Anche a Tunisi peraltro i gruppi di la­voro sono prevalentemente su singoli problemi o obiettivi - a prevalere, an­che come partecipazione, sono le que­stioni sociali - e spesso manca una loro contestualizzazione in ambito se non mondiale almeno regionale. È come se si avvertisse un gap tra l'organizzazio­ne concreta di «piccole» battaglie e i «grandi» discorsi contro il capitalismo, l'imperialismo e il neoliberismo, che re­stano slogan. Si vuole cambiare il siste­ma ma non si dice come.

Se alle prime edizioni del Forum ave­vano partecipato - a volte provocando imbarazzo - politici di rilievo, qui man­ca la possibilità di confronto con chi ha responsabilità a livello politico o istitu­zionale. Del resto questo Forum non ha leader e quello che potrebbe essere un vantaggio per evitare personalismi, in al­cuni casi penalizza la visibilità e la possi­bilità di «identificarsi». In questo conte­sto - anche la rivoluzione tunisina e le ri­volte arabe non hanno avuto leader - viene da pensare quale effetto avrebbe provocato la presenza di Tsipras o di Iglesias. Da qui la Grecia appare lonta­na, più di quanto non sia fisicamente, a parte essere stata il tema di uno dei tan­ti dibattiti della prima giornata.
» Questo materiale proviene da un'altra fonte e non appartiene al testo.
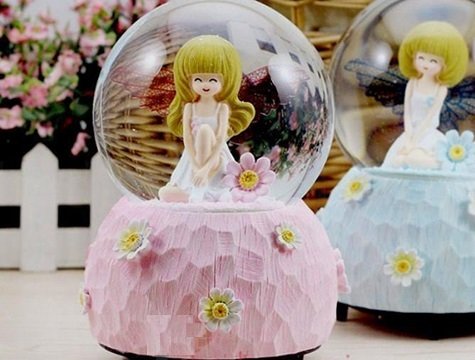 Kanatlı Sevimli Kız Temalı Kurmalı Kar Küresi Müzik Kutusu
Mancano i politici - e questo forse è un bene - ma mancano anche esperti, intellettuali e leader di movimenti con cui confrontarsi. L'impressione è che sia venuto un po' meno il valore del gruppo di lavoro che permette l'appro­fondimento dei temi: non è questo il luogo dove si viene per prendere ap­punti sul taccuino, che ormai anche qui è sostituito dall'Ipad. Eppure sono arrivati anche gruppi di studenti uni­versitari, alcuni di loro arrivano da un'università per studi orientali di Lon­dra, in maggior parte sono ragazze e italiane!

Un Forum come questo serve soprat­tutto a incontrare persone che altri menti non si sarebbero mai incontrate, a scambiare indirizzi e costruire reti sperando che durino nel tempo. E che possano servire alle nuove generazio­ni. Anche il Forum sembra essere in una fase di transizione come quella che vive la Tunisia, con tutte le difficol­tà e le incertezze del domani.

Il fermo immagine è quello di una grande Fiera (nel senso buono del ter­mine) dove associazione e ong espon­gono i loro progetti e i risultati ottenuti. I più attivi sul piano politico sono i palestinesi e i sahrawi, ma domani sarà in scena la Siria e vedremo se si ripro­porranno gli scontri verificatisi nella scorsa edizione del Forum - con ban­diere date alle fiamme - tra i sostenitori di Assad e gli oppositori armati, anche se ora la situazione è estremamente più complicata con l'affermarsi sulla scena dell'Isis e il suo progetto di Calif­fato. La stessa sigla che ha rivendicato l'attentato al Bardo.